Biert - French Pyrenees

While we were in Paris visiting Monica and Olivier (and seeing the Tour de France), they mentioned that they were going the following weekend to the Pyrenees to get their kids who were with the grandparents. From there, Olivier and the boys were going camping for a few days then they'd all spend time in Spain. Monica's not big on camping so it'd help them if she could go back to Barcelona with us to wait for the guys.

Diana's talked about Olivier's parents before and especially how I needed to meet his dad who's a big wine fan. Monica and Olivier invited us to meet them and, with Diana's brother in town, Monica needing a ride, having no real plans, and, of course, the promise of some great French wine, how could we say no?

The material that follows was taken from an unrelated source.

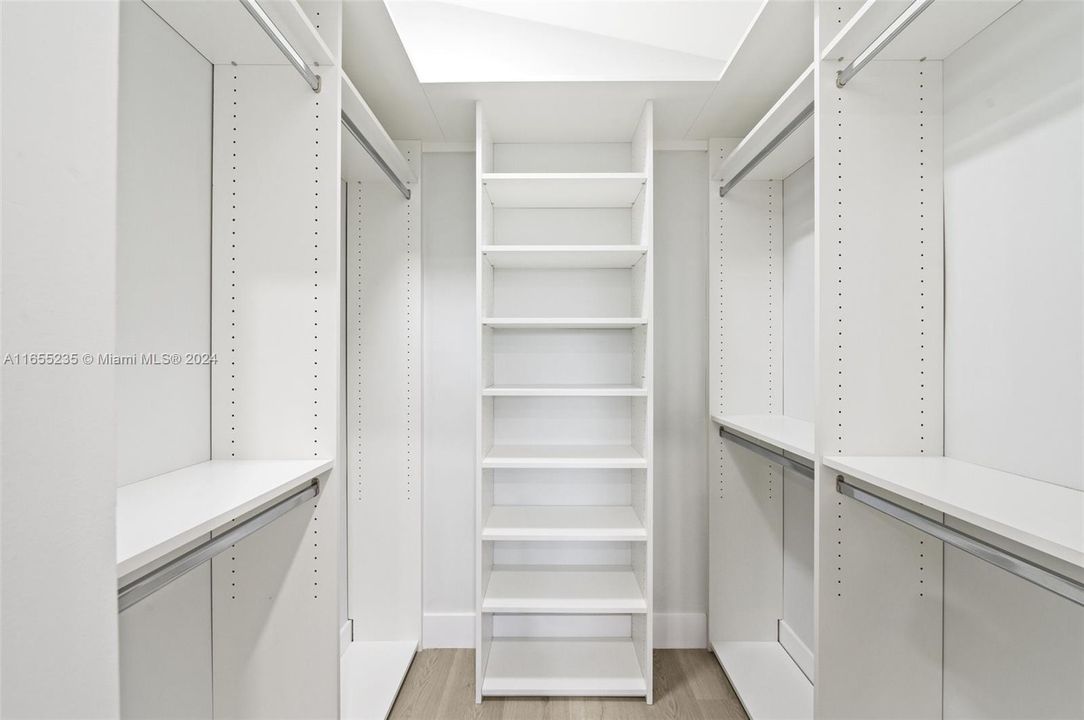 Master walk-in closet with custom designed built-in's.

I reserved a car as soon as we got back to Barcelona.

During the week, I continued to check for cheaper car rentals and found one on Thursday night, which I booked immediately canceling the original reservation. I went to the rental place Friday afternoon but, when I got there, the agent asked me like three times for my name. I finally just gave her my identification but she couldn't find the reservation. Pulling up the email my heart sank when I realized that I had booked the new reservation with the website-default date a couple of months later. Argh!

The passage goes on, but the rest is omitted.